ZeroMQ is an opinionated, light weight, blazing fast messaging library that describes its origins thusly
We took a normal TCP socket, injected it with a mix of radioactive isotopes stolen from a secret Soviet atomic research project, bombarded it with 1950-era cosmic rays, and put it into the hands of a drug-addled comic book author with a badly-disguised fetish for bulging muscles clad in spandex. Yes, ØMQ sockets are the world-saving superheroes of the networking world.
Back in the real world this roughly translates as providing you with an assortment of sockets and patterns with which to connect the disparate parts of your distributed system.

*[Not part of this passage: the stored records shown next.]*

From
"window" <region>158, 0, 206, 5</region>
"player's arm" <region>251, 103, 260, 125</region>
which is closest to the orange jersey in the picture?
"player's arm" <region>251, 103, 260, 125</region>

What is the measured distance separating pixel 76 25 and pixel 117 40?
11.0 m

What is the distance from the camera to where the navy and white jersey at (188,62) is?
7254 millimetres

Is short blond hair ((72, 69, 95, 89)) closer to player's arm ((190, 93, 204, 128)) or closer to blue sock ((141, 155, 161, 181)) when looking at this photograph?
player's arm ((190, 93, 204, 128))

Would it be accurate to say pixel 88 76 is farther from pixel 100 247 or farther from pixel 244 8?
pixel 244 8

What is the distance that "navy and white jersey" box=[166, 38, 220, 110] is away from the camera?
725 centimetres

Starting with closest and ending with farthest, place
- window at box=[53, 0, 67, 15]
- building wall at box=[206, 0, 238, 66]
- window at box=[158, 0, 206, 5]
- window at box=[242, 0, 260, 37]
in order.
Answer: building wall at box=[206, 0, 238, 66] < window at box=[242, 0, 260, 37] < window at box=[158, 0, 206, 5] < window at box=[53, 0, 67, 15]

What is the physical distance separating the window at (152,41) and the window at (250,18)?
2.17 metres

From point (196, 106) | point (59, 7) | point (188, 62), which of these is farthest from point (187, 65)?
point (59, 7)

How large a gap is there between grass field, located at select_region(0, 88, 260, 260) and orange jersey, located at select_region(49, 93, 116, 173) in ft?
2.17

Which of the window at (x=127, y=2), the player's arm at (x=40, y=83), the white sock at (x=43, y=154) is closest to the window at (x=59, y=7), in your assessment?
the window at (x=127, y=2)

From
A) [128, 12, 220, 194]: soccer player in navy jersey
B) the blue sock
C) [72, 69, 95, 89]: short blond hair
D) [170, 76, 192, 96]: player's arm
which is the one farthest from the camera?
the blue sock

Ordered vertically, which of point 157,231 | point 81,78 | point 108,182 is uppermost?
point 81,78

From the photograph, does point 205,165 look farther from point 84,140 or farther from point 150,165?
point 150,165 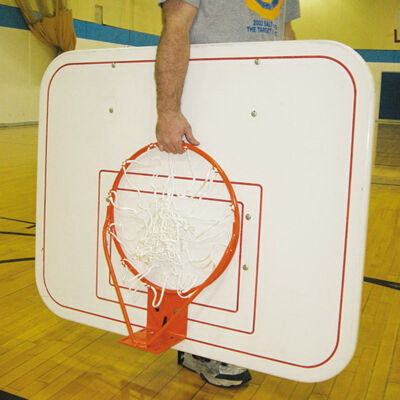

These aren’t your run-of-the-mill sockets mind you, so it’ll take some time to wrap your mind around their way of thinking, but I’ve found the time and effort well worth it. The base implementation is in C/C++ with bindings for some 20-odd other languages and native implementations for several including Java and .Net. In this post I’ll walk you through installation for some of the prominent languages used here at Scott Logic followed by a quick look at each of the main messaging patterns found in ZeroMQ. Please note this post has liberally purloined its information, examples and diagrams from the excellent ZeroMQ guide. Once you’ve read this go read that, it’s easily the best documentation/tutorial I’ve ever read. Most of the example code will be in C# because that’s my background. There’ll also be examples in Java and Node.js, languages I have yet to fight with on the battlefield, so I’ll apologise in advance for the poor programming style.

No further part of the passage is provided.